Discurso durante a 125ª Sessão Não Deliberativa, no Senado Federal

Considerações sobre o receituário do FMI e críticas à missão que chega ao Brasil hoje.

Autor
Heloísa Helena (PT - Partido dos Trabalhadores/AL)
Nome completo: Heloísa Helena Lima de Moraes Carvalho
Casa
Senado Federal
Tipo
Discurso
Resumo por assunto
POLITICA ECONOMICO FINANCEIRA.:
  • Considerações sobre o receituário do FMI e críticas à missão que chega ao Brasil hoje.
Publicação
Publicação no DSF de 12/11/2002 - Página 21011
Assunto
Outros > POLITICA ECONOMICO FINANCEIRA.
Indexação
  • COMENTARIO, VISITA, BRASIL, COMISSÃO, REPRESENTANTE, FUNDO MONETARIO INTERNACIONAL (FMI), CRITICA, ATUAÇÃO, ORGANISMO INTERNACIONAL, IMPOSIÇÃO, POLITICA ECONOMICO FINANCEIRA, NECESSIDADE, ACEITAÇÃO, PAIS, CRITERIOS, RECEBIMENTO, EMPRESTIMO EXTERNO, EFEITO, AUMENTO, DIVIDA EXTERNA, AMEAÇA, SOBERANIA, REDUÇÃO, PODER DECISORIO, GOVERNO.
  • REGISTRO, FALTA, VERDADE, DECLARAÇÃO, INTERESSE, FUNDO MONETARIO INTERNACIONAL (FMI), AUXILIO, PAIS EM DESENVOLVIMENTO, POPULAÇÃO CARENTE, INTERPRETAÇÃO, SITUAÇÃO, ORGANISMO INTERNACIONAL, PRIORIDADE, ATENDIMENTO, VONTADE, PAIS, PRIMEIRO MUNDO.
  • ANALISE, CRITICA, PROCESSO, PRIVATIZAÇÃO, COMPROMETIMENTO, ORÇAMENTO, PAGAMENTO, SERVIÇO DA DIVIDA, EXPECTATIVA, PROVIDENCIA, CANDIDATO ELEITO, ALTERAÇÃO, POLITICA ECONOMICO FINANCEIRA.

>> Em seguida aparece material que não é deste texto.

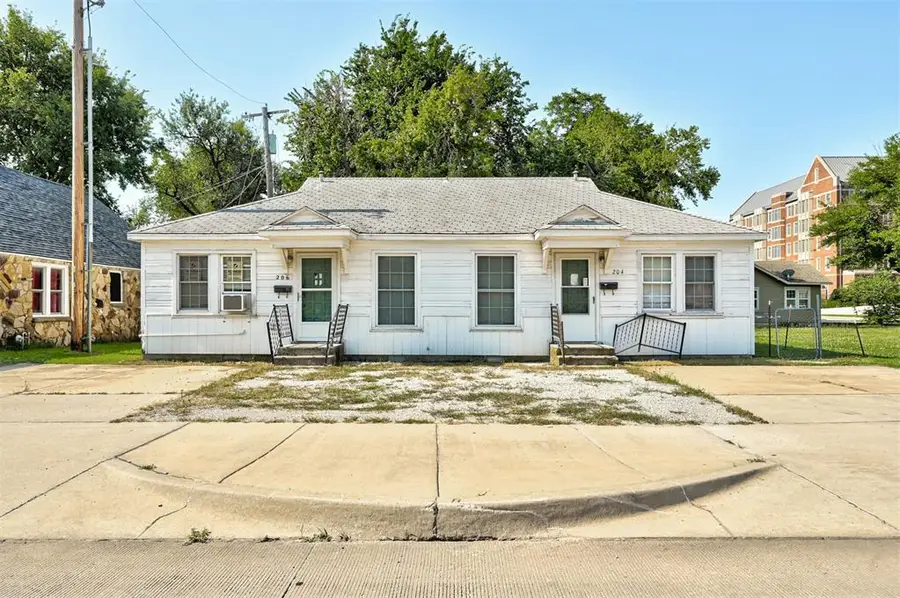 204 E Lindsey Street #204, 206, Norman, OK 73069 - #2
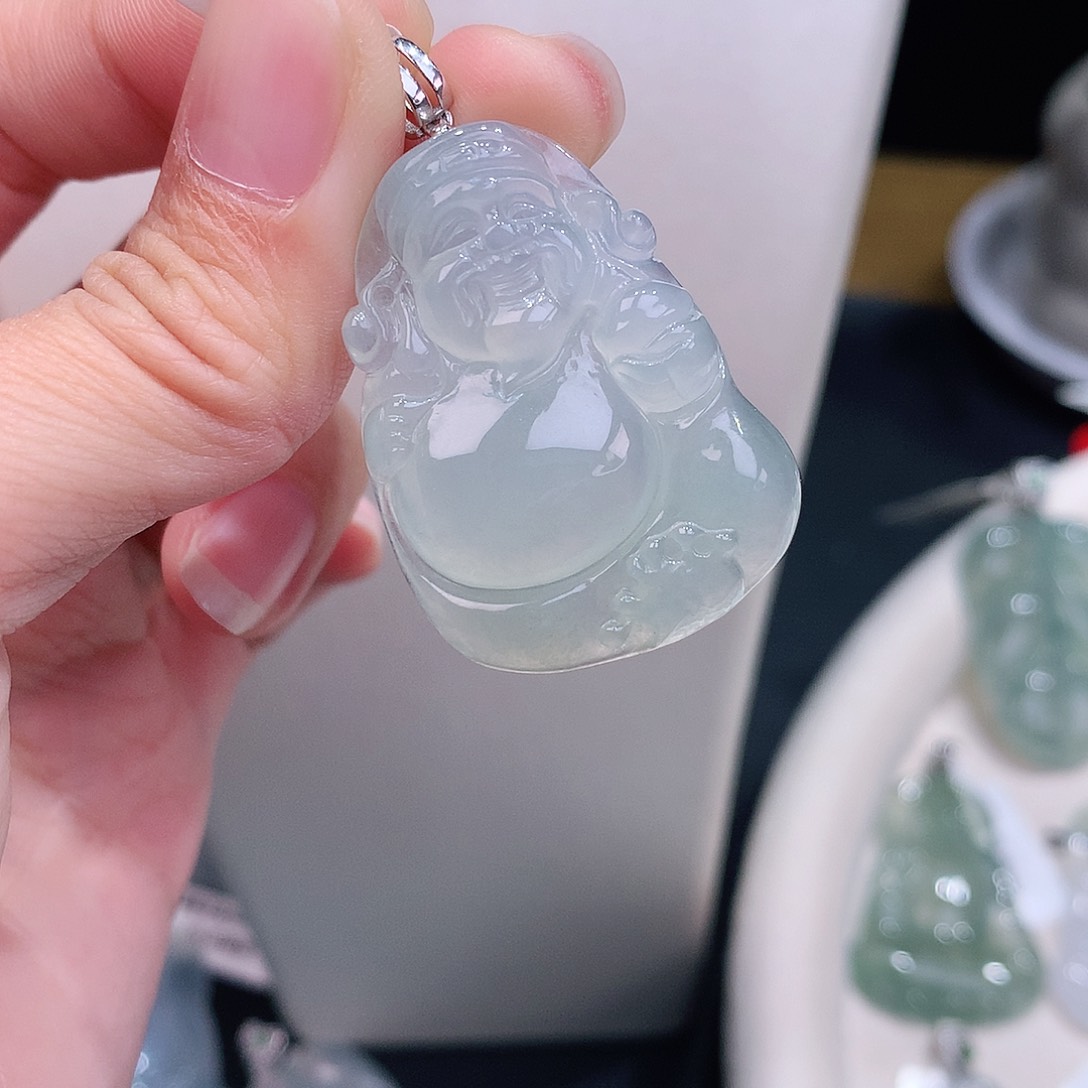 颈饰18K金镶嵌翡翠冰晴底财爷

A SRª HELOÍSA HELENA (Bloco/PT - AL. Pronuncia o seguinte discurso. Sem revisão da oradora.) - Sr. Presidente, Srªs e Srs. Senadores, de fato farei brevíssimas considerações sobre mais uma missão do FMI ao Brasil.

Nem falaria sobre isso hoje, porque estava querendo dedicar-me ao tema dos hospitais universitários, a que me reportarei amanhã.

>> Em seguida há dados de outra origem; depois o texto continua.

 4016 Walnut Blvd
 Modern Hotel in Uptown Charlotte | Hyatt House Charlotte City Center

Contudo, hoje pela manhã, uma senhora do interior de Alagoas conseguiu localizar-me, para falar sobre sua relação com um agiota. Contou que o agiota invadiu sua casa, tomou o televisor, obrigou-a a vender a geladeira. Evidentemente, por relação factível, lembrei-me da missão do FMI que chega hoje ao Brasil e tive a oportunidade de explicar-lhe o significado do Fundo Monetário Internacional.

Mais uma vez chega uma missão do Fundo Monetário Internacional ao País. Creio até que já me indignei mais com o moralismo farisaico deles. Hoje muitas personalidades, até mesmo consideradas moderadas, conservadoras, já fazem críticas preciosas ao chamado receituário do Fundo Monetário Internacional. Quem teve oportunidade de ver as entrevistas dadas por um economista considerado moderado e conservador, prêmio Nobel de economia, numa revista de economia também considerada conservadora, a revista Forbes, notou as críticas importantes ao chamado receituário do FMI. Até então, a indignação e as críticas pareciam discursos raivosos da Oposição radicalizada no Brasil e no mundo.

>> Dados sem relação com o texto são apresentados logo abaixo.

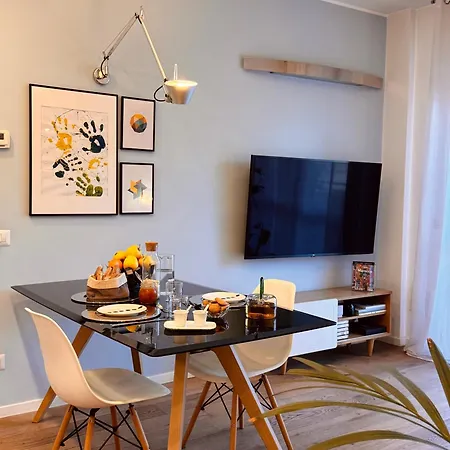 Azzurro Lancetti Retreat شقة ميلان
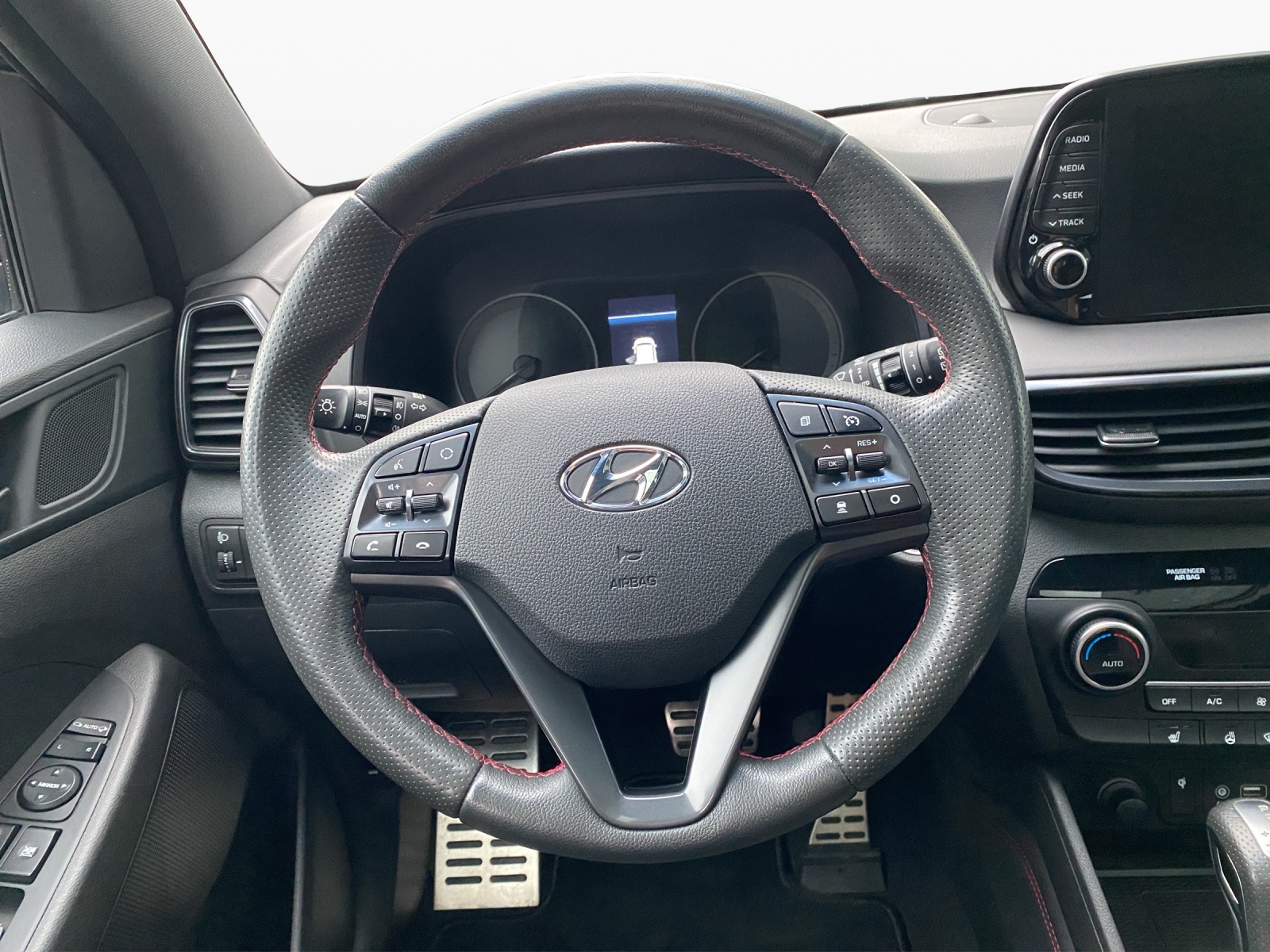 HYUNDAI Tucson 1.6 T-GDi N-Line 4WD-image-12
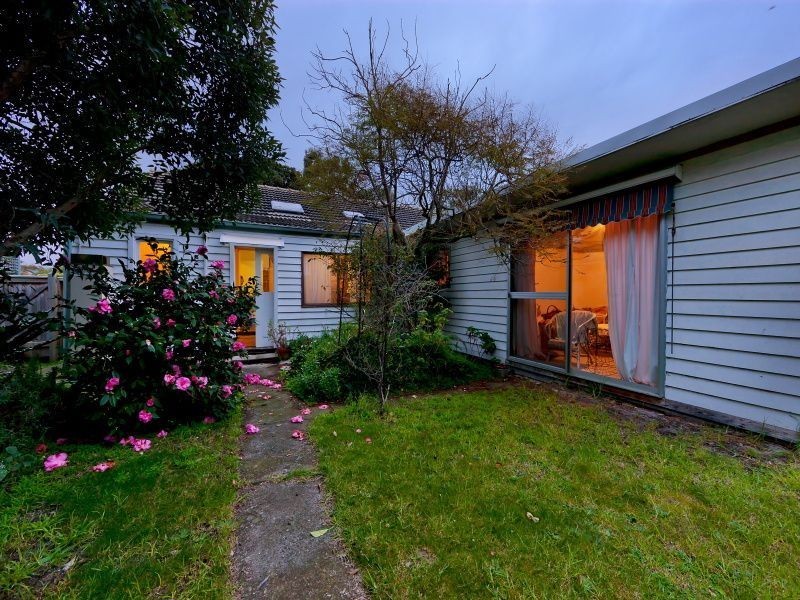 13 Mernda Avenue, Bonbeach VIC 3196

Hoje, apesar de a indignação e a crítica serem compartilhadas por muitos, é evidente que não deixo de sentir-me nauseada com todo o esquema bajulatório que se monta em torno dessas missões do Fundo Monetário Internacional. Por mais que a complexa subjetividade humana se predisponha a explicar isso e por mais que esses senhores se apresentem como se tocados pelos chamados temperos da civilidade humana e, portanto, pela moderação e pela prudência, existe algo que sempre nos leva à indignação: a pose desses senhores, sempre frios, calculistas, racionais, supostamente movidos por um grau científico em suas ações. Com certeza, quem vive a realidade do Brasil e do mundo consegue, com muito pouco, desmistificar o receituário, a pose e o moralismo farisaico do Fundo Monetário Internacional. Quem lê sobre a questão já sabe como se apresentam: são o alto comando, um comitê para a salvação do mundo. Várias revistas importantes e jornais já o caracterizaram dessa forma. Pertencem ao comitê o Departamento do Tesouro dos Estados Unidos, o Banco Central Americano e o Fundo Monetário Internacional. São os desbravadores de oceanos, fronteiras, abismos e florestas. É claro que, como desbravadores, com a omissão e a cumplicidade do Governo federal, desrespeitam a ordem jurídica do País.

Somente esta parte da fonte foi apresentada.